- **YOUR OBJECTIVE**:
Once the line containing "Lot 17 Woodland Drive, Scarsdale VIC 3351" is found in the material below, it and every line after it should be transcribed exactly, with pictures left out and nothing added.
########################################
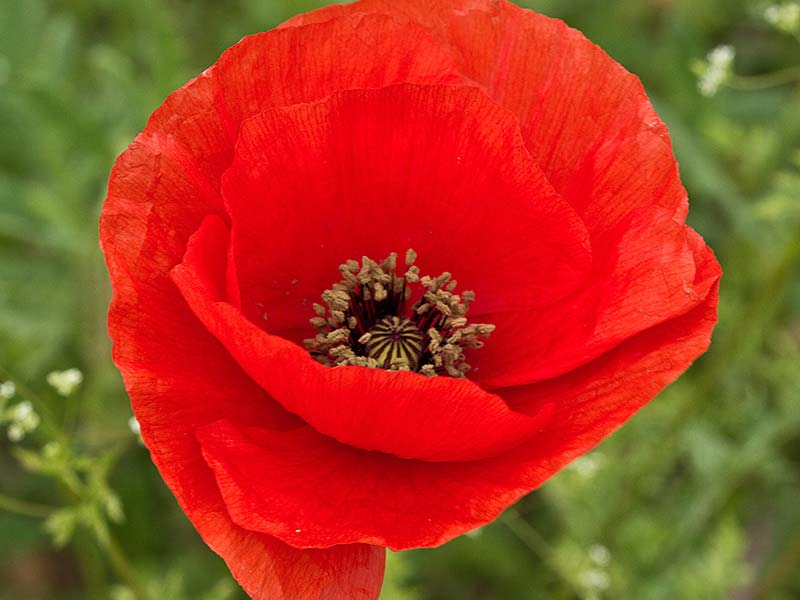 Flor de la amapola  (Papaver rhoeas)
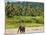 Elephant at Pinnawala Elephant Orphanage, Sri Lanka, Asia-Matthew Williams-Ellis-Mounted Photographic Print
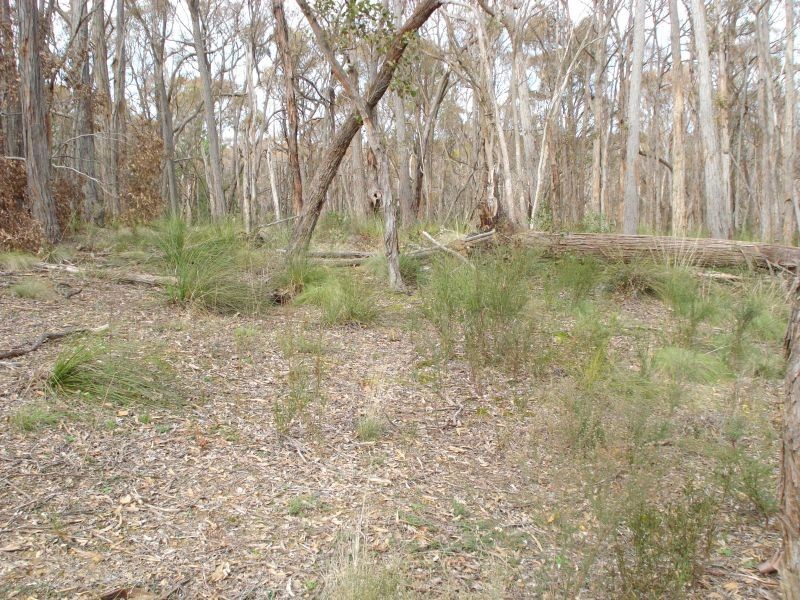 Lot 17 Woodland Drive, Scarsdale VIC 3351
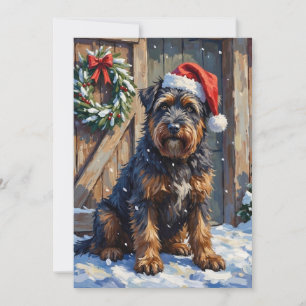 Bouvier des Flandres Weihnachten auf dem schneebed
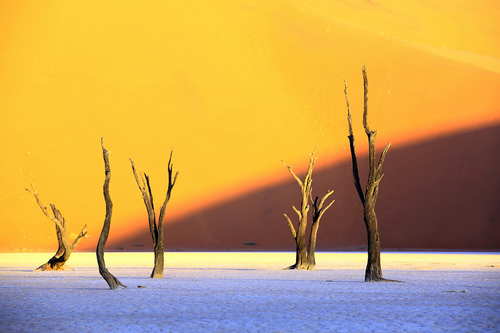 Sunset of Deadvlei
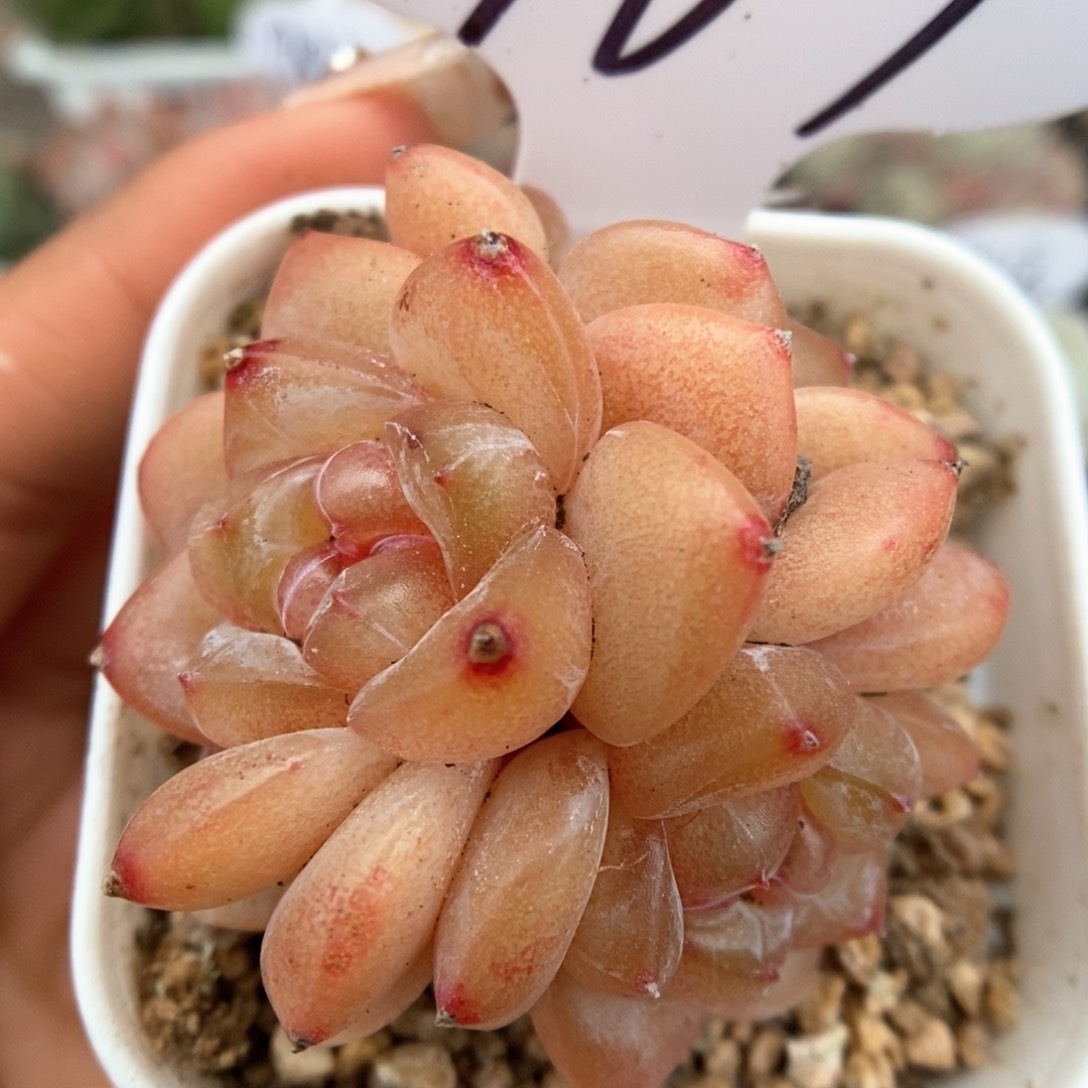 金雀群生可拍967号。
########################################
- **RESULT OF THIS TASK**:
 Lot 17 Woodland Drive, Scarsdale VIC 3351
 Bouvier des Flandres Weihnachten auf dem schneebed
 Sunset of Deadvlei
 金雀群生可拍967号。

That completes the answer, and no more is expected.